16. The unexcused failure to attend three (3) consecutive or six (6) meetings in a consecutive twelve-month period shall constitute good cause for the removal of a Director.

17. A Director may resign at any time by giving written notice to the Board and the Secretary of the Association.  Unless otherwise specified in the notice, the resignation shall take effect upon receipt thereof by the Board or the Secretary.  Acceptance of the resignation shall not be necessary to make it effective.  The resigning director shall surrender all records, property, and any other items pertinent to the Association immediately upon their resignation.

18. No officer or director shall for reason of his or her office or directorship be entitled to receive any salary or compensation but will be reimbursed for approved expenses on the behalf of the Association.                                                        


 

ARTICLE VII – OFFICERS

The officers of the Association and their respective terms shall be as follows:

1.      President - 4 years

2.      Vice-President - 3 years

3.      Secretary - 2 years

4.      Treasurer - 2 years

5.      Membership Secretary - 2 years

6.      Corresponding Secretary - 2 years

7.      Recording Secretary- 2 years

1.  President:

a.      It shall be the duty of the President to preside at membership meetings of the Association and to preserve order therein.  He/She shall appoint all committees and shall also have the right to serve on all committees by virtue of his/her office, and in general, shall perform all duties incident to the office of President, and such other duties as may be assigned by the Board of Directors, or membership from time to time;  

b.      The President shall decide all questions of order, subject to an appeal from the membership, if a valid objection has been taken by an interested member, which appeal shall be determined by a majority vote of the Directors present and voting;

c.      The President shall cast the deciding vote when a tie occurs on any question;

d.      The President shall announce the result of all votes and shall have the power to call special meetings;

e.      The President is one of the officers who must sign checks or drafts of the Association, under the signature of the Treasurer.  

2.  Vice-President:

Shall, in the event of the absence or inability of the President to exercise his/her office, become acting President of the Association with all the rights, privileges and powers as if he/she had been the duly elected President.  In addition, the Vice-President shall perform such acts as shall be delegated by the President.

3.  Secretary:

Shall, in the event of the absence or inability of the President and Vice-President to exercise his/her office, become acting President of the Association with all the rights, privileges and powers as if he/she had been the duly elected President.  In addition, the Secretary shall perform such acts as shall be delegated by the President, as well as supervise fund raising activities.

4.  Treasurer:

a.      Shall have the care and custody of all monies belonging to the Association and shall be responsible for such monies or securities;

b.      Shall be one of the officers who signs checks or drafts of the Association; 

c.      Shall render, at stated periods, written account of the finances of the Association;

d.      Shall exercise all duties incident to the office of Treasurer.

5.  Membership Secretary:

a.      Shall keep the membership records of the Association in good order;

b.      Shall receive a record of all deposits and withdrawals of the Association;

c.      Shall report directly to the Treasurer.

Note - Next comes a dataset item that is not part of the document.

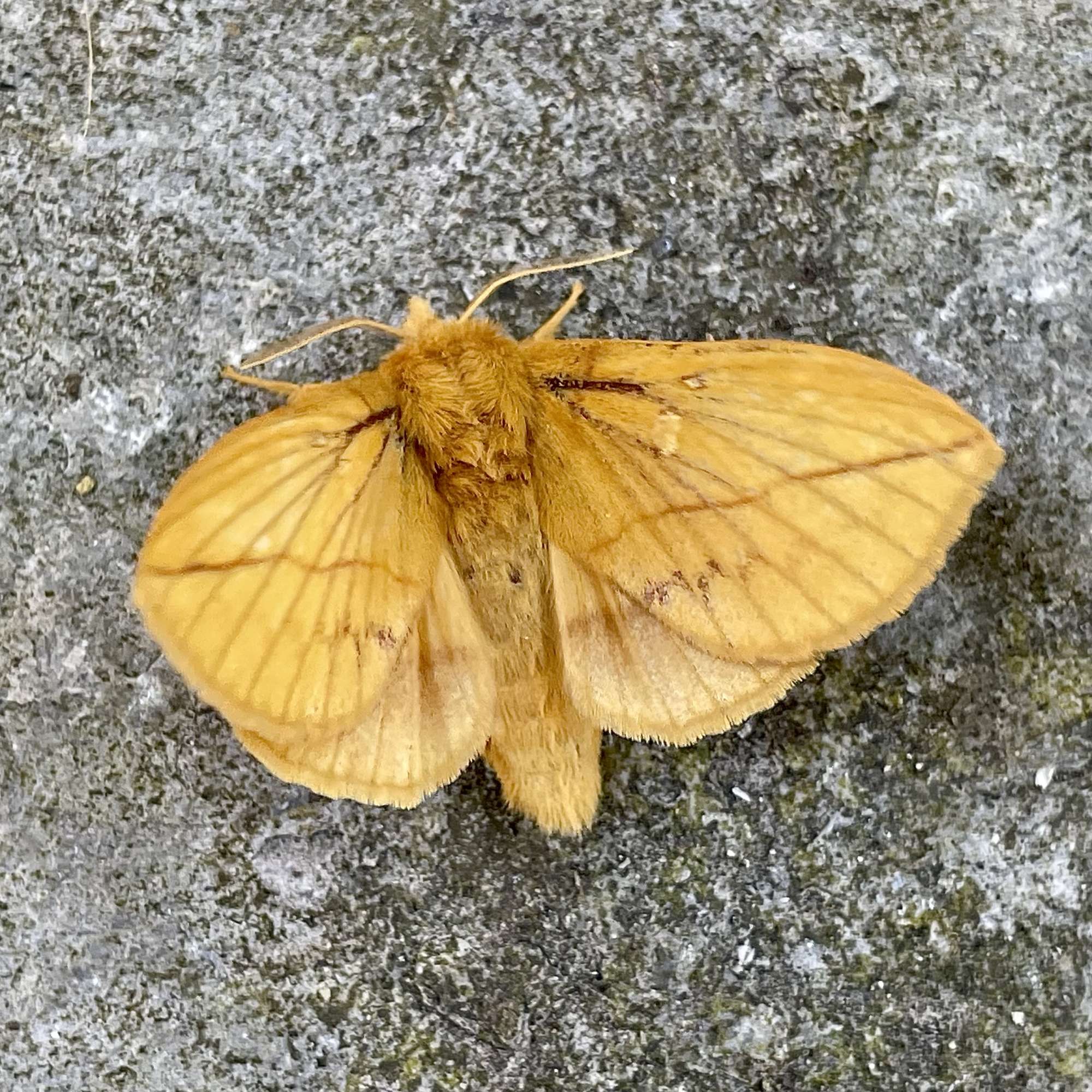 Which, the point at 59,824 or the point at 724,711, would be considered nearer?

6.  Corresponding Secretary:

a.      Shall see that all notices shall be given in accordance with the provisions of these By-Laws;

b.      Shall present to the membership and/or Board of Directors any communications addressed to the Association;

c.      Shall compose all newspaper announcements and post all notices as required;

d.      Shall attend to all correspondence of the Association and shall exercise all duties incident to the office of Corresponding Secretary.

7.  Recording Secretary:

a.      Shall attend general membership meetings of the Association and to keep minutes of the proceedings;

b.      Shall keep a record of names of the members comprising each committee;

c.      In the absence of the Recording Secretary, the President shall appoint a member to act as Recording Secretary who shall have the duties set forth above.  The President shall appoint a member or members to keep minutes of every meeting of the members involved;

d.      Minutes of meetings shall be read and approved at the next following meeting.

 


 

ARTICLE VIII – COMMITTEES

1.      The Board of Directors shall create as many committees as it may deem necessary for the carrying out of the objectives of the Association.

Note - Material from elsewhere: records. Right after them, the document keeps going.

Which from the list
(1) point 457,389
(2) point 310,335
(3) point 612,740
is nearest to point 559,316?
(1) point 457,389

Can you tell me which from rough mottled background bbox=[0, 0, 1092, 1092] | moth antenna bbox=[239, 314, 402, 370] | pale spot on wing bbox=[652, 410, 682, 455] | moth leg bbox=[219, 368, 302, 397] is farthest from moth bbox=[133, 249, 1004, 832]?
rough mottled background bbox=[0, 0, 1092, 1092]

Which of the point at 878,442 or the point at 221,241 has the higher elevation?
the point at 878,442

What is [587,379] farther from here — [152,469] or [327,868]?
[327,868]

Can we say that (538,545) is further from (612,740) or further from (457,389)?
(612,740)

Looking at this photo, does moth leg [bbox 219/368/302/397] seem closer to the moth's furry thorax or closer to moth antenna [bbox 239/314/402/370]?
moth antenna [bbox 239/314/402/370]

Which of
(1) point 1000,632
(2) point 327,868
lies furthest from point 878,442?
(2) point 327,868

2.      A Nominating Committee shall be appointed by majority vote of the Board of Directors each year.

3.      Each committee shall meet on not less than once a year and any such meeting shall not be on less than seven (7) days notice to each member of the committee or as determined by all committee members.  A committee report must be presented at the membership meeting following the committee meeting.


 

  ARTICLE IX – FINANCES

1.      Dues: The Board of Directors may determine from time to time the amount of annual dues payable to the Association.  Individual membership fees shall be payable in advance of the member's yearly 'anniversary', and no later than the first meeting immediately following the date when the member's fees are due. Any delinquent membership fee(s) shall result in immediate termination of said member’s voting rights and other membership privileges until dues are paid in full.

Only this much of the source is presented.